A party claiming tortious interference must demonstrate that the defendant knowingly induced a contracting party to breach its obligations, as established in Texas case law. In this instance, the City terminated the "Blend and Extend" contract in accordance with its terms, and there is no evidence of the City breaching any obligations to Hino. Consequently, Hino failed to present any facts supporting its claims against Constellation for tortious interference, as there was no proof of intentional interference or unlawful acts by Constellation that would have affected a contractual relationship with the City.

Regarding CP&L, it contacted the City about electricity prices following a newspaper article about the City's negotiations with Hino. Cordoba from CP&L, unaware of the "Blend and Extend" contract, was informed by the City Attorney that there was no contract for 2007, which led to a competitive price quote and a contract signed on November 1, 2006. Since the "Blend and Extend" contract had already been validly terminated before this contact, CP&L did not interfere with any existing contract. Therefore, for a claim of tortious interference to be valid, there must be evidence of an existing contract that the alleged interference affects.

Until a contract is terminated, it remains valid, and third parties cannot tortiously interfere with it. Tortious interference requires affirmative actions that induce a breach, such as offering better terms or incentives. Hino failed to present evidence of intentional interference by CP&L regarding its contractual relationship with the City, leading to the trial court's directed verdict in favor of CP&L. Hino's appeal was overruled, affirming the trial court's judgment.
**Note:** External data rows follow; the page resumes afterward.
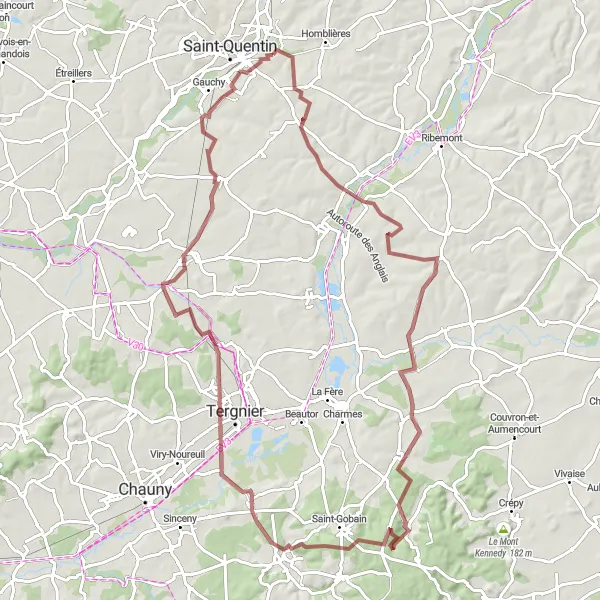 Miniature de la carte de l'inspiration cycliste "Aventure dans les Bois de l'Aisne" dans la Picardie, France. Générée par le planificateur d'itinéraire cycliste Tarmacs.app
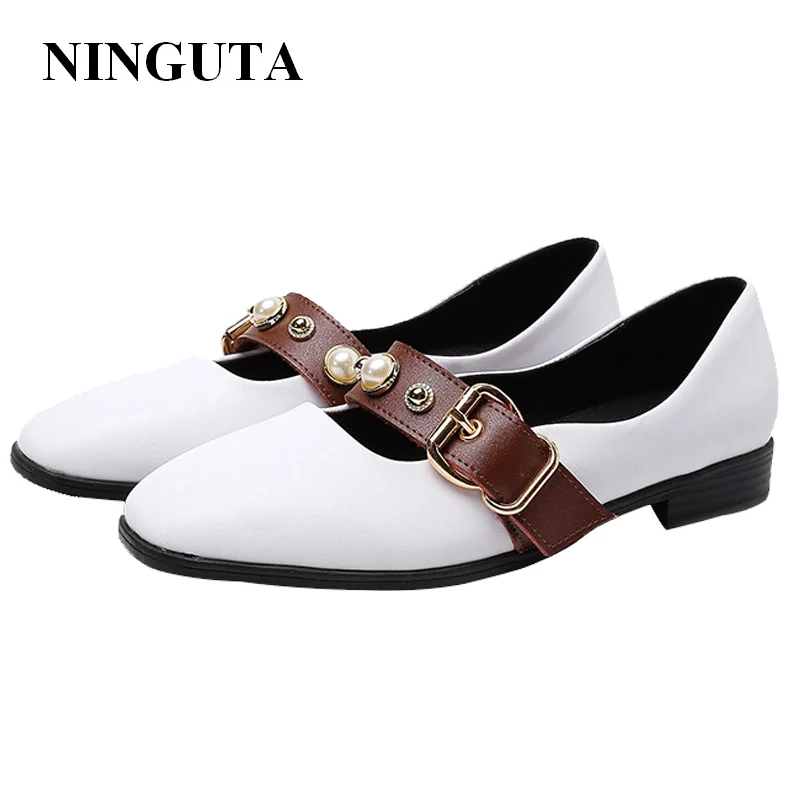 NINGUTA pearl low heels shoes woman casual mary janes women pumps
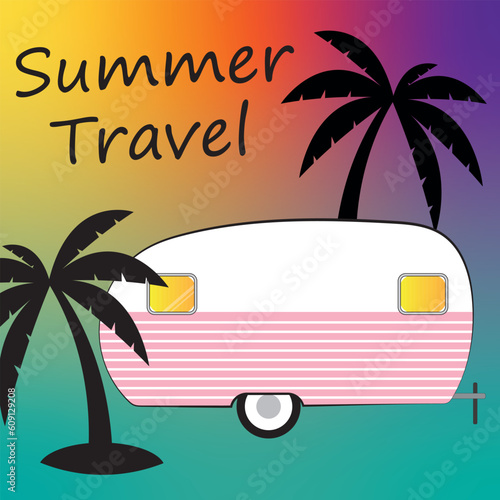 Summer travel camper concept illustration photo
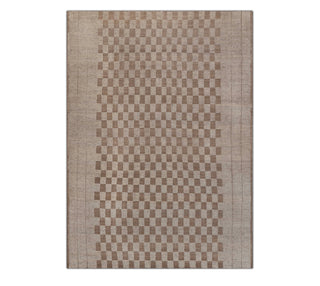 8x10 Ivory Brown Scandinavian Flatweave Cheque Pattern Wool Rug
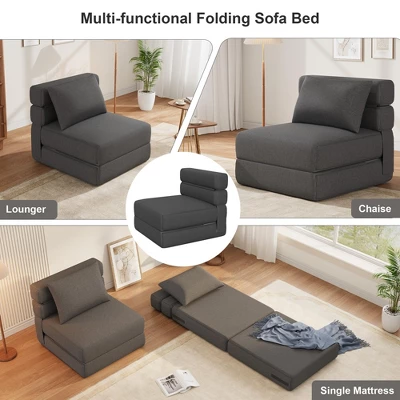 Folding Sofa Bed - Convertible Sleeper Chair With Upgraded Pillow, Sleeper Couch Linen Fabric, Foldable Memory Foam Sleepers Comfy Floor Sofa 6 Folding Sofa Bed - Convertible Sleeper Chair With Upgraded Pillow, Sleeper Couch Linen Fabric, Foldable Memory Foam Sleepers Comfy Floor Sofa - Image 4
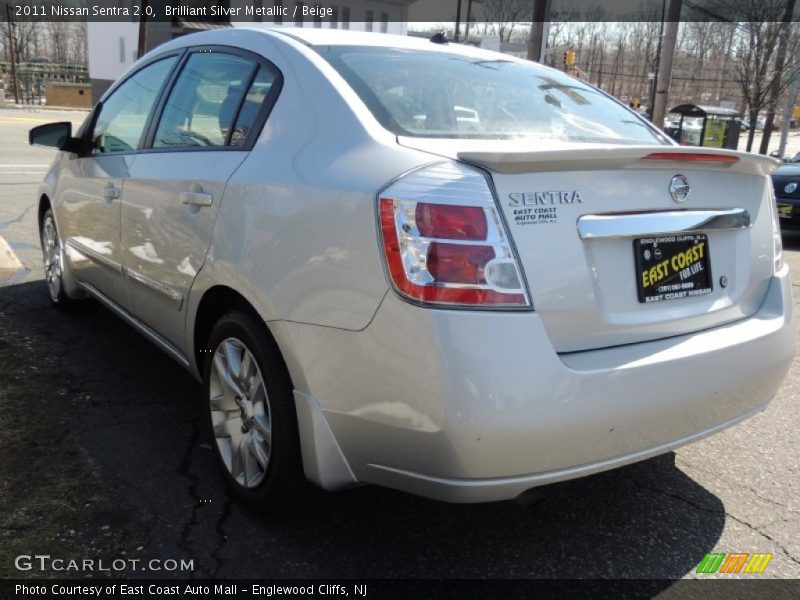 Brilliant Silver Metallic / Beige 2011 Nissan Sentra 2.0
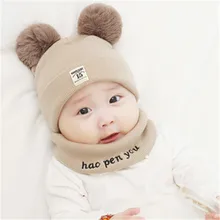 Ideacherry/детская шапка, Теплая Зимняя шерстяная шапка с рисунком для малышей, вязаная шапочка мех, помпон, шапка, шарф, комплект для От 1 до 3 лет, шапки для маленьких мальчиков и девочек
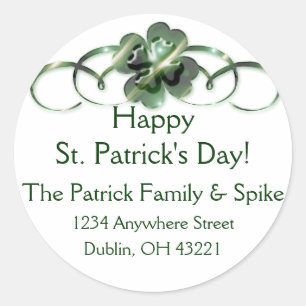 Adesivo Redondo Irish Return Address Labels :: Shamrock Design 10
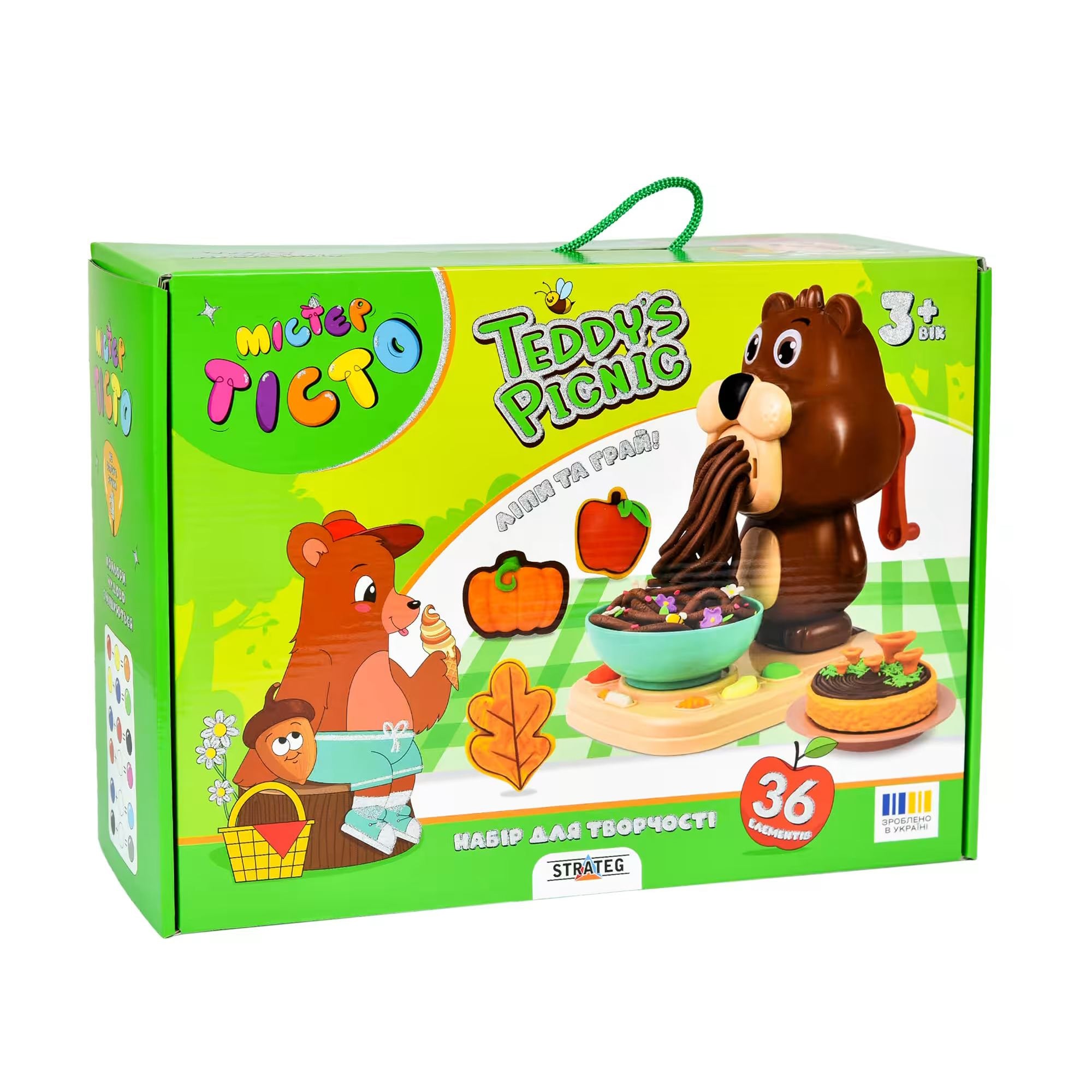 Набір для творчості Strateg Містер тісто Teddy's Picnic українською мовою, 31.6*22.8*11 см, від 3 років, 36 елементів (41033)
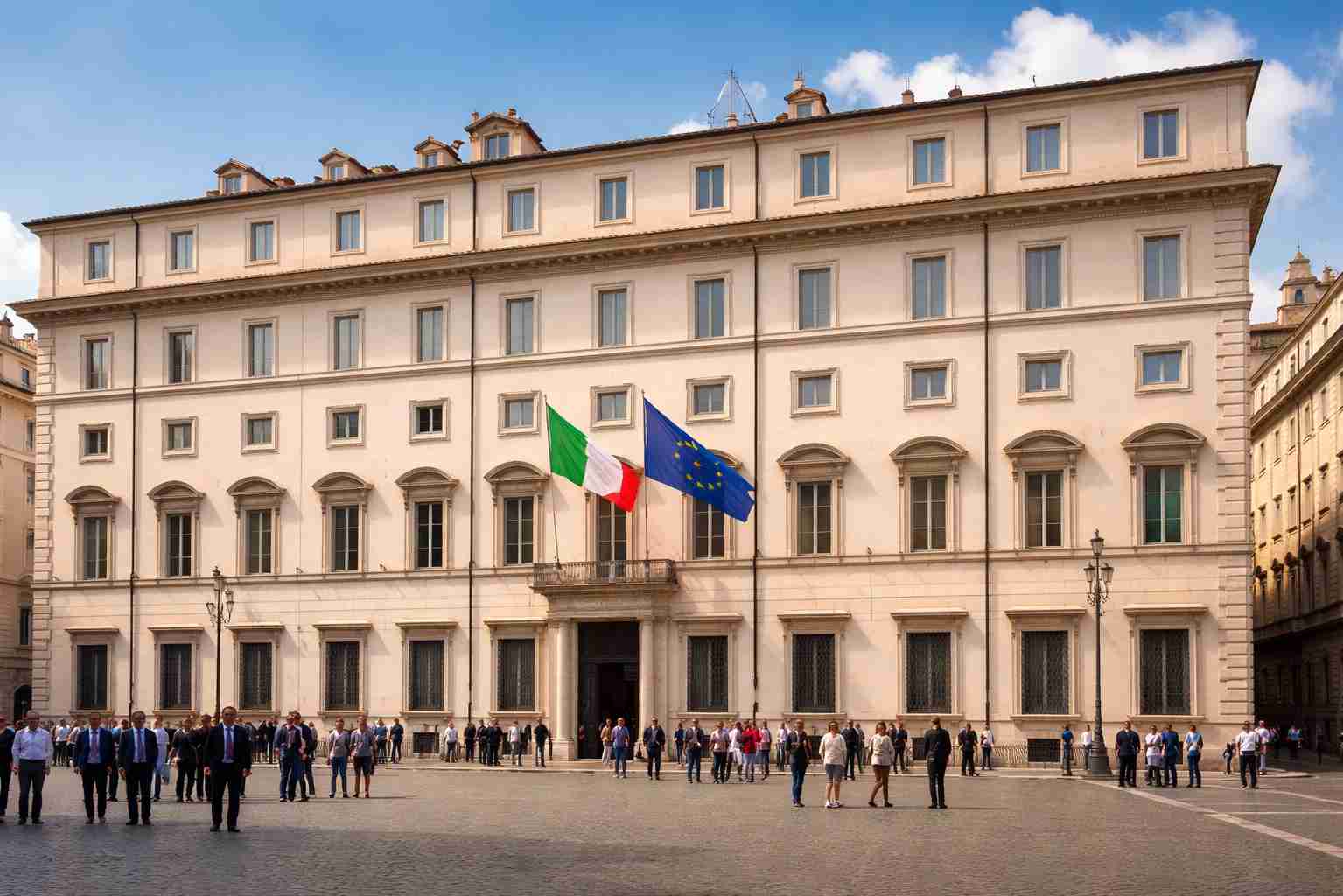 Palazzo Chigi sede della Presidenza del Consiglio dei Ministri per il concorso pubblico da 156 posti previsto dal decreto PNRR 2026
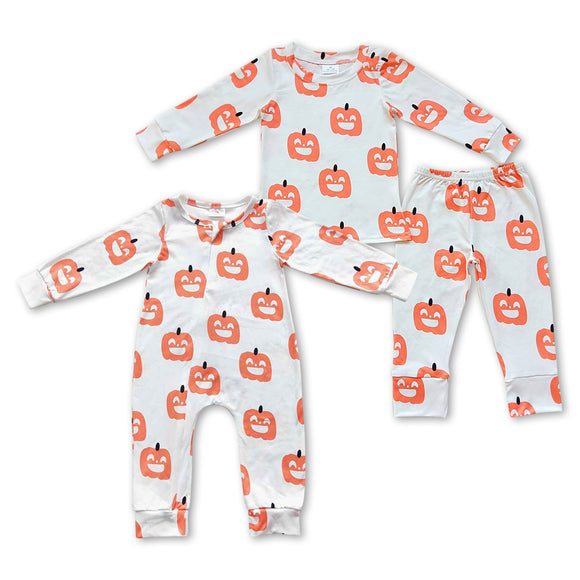 Halloween pumpkin milk silk orange pajamas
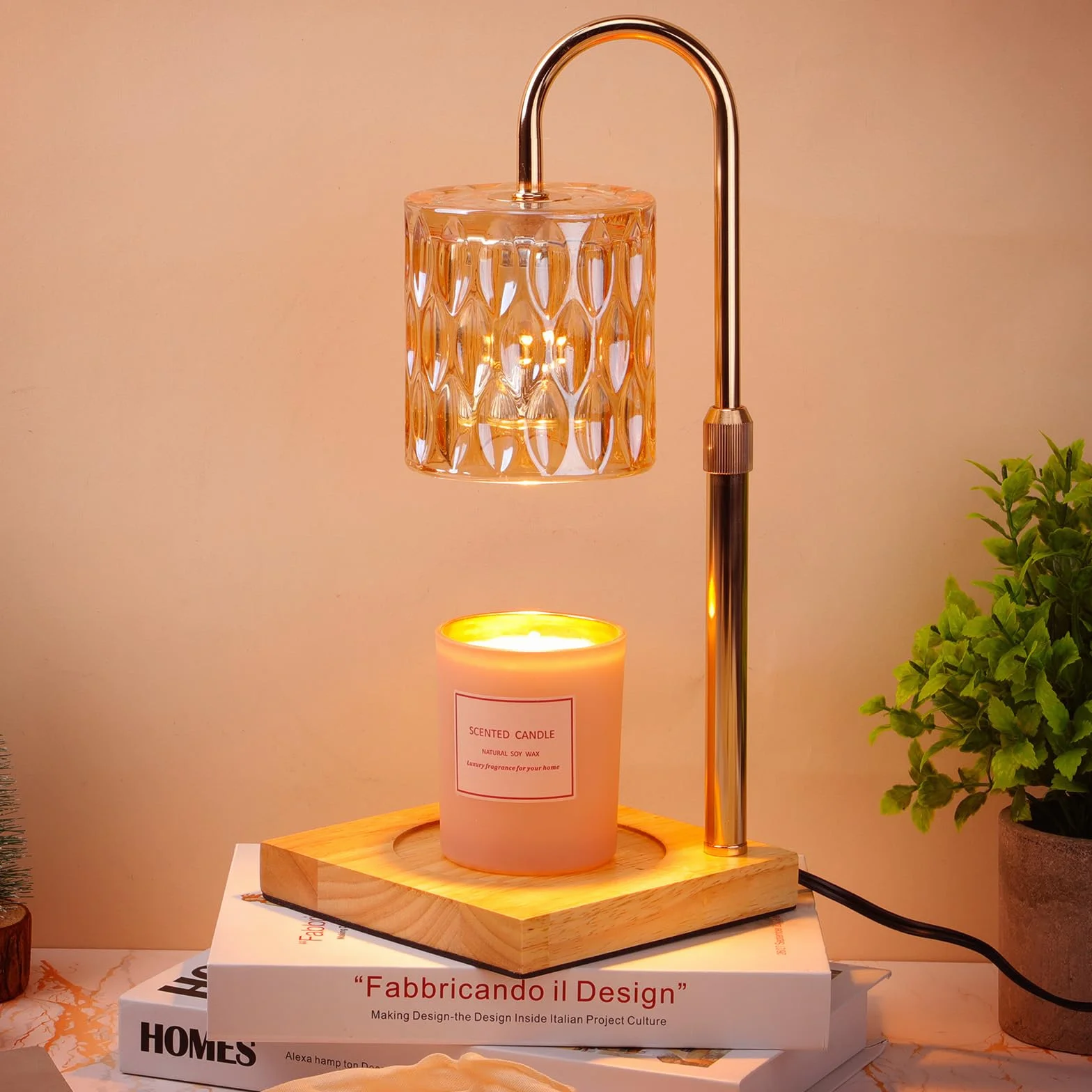 Lampe Chauffe Bougie Victop Chauffage à Bougies à Chandelle avec Minuterie, Candle Lampe électrique Dimmable, Lampe à réchauffeur de Cire sans Flamme, Hauteur réglable, Décoration pour Maison Chambre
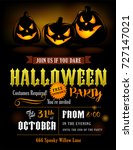 halloween party invitation with ... | Shutterstock .eps vector #727147021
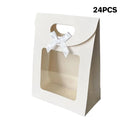 24PCS Bow Flap Tote Bag Reusable Shopping Carry Bag Gift Party Packaging Bag - 16x12x6cm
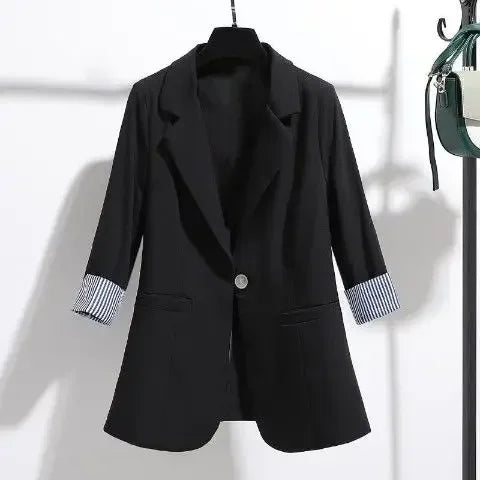 Maxy Korean Edition Thin Style Stylish and Elegant Commuting Three Quarter Women's Oversized Suit Coat New Spring and Summer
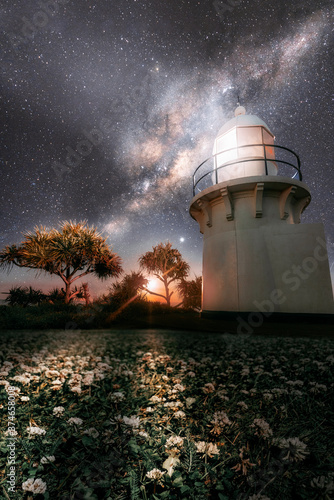 lighthouse at night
The City had limitations on contract duration, agreeing to a nine-month "Blend and Extend" option drafted by its attorney, although signed later. Hino’s claims against the City were separated from those against Constellation and CP&L, with summary judgment granted for the City. During cross-examination, it was noted that energy providers generally rely on customer representations regarding existing contracts rather than conducting open-records requests. Constellation’s standard contract requires customers to warrant non-interference with other agreements.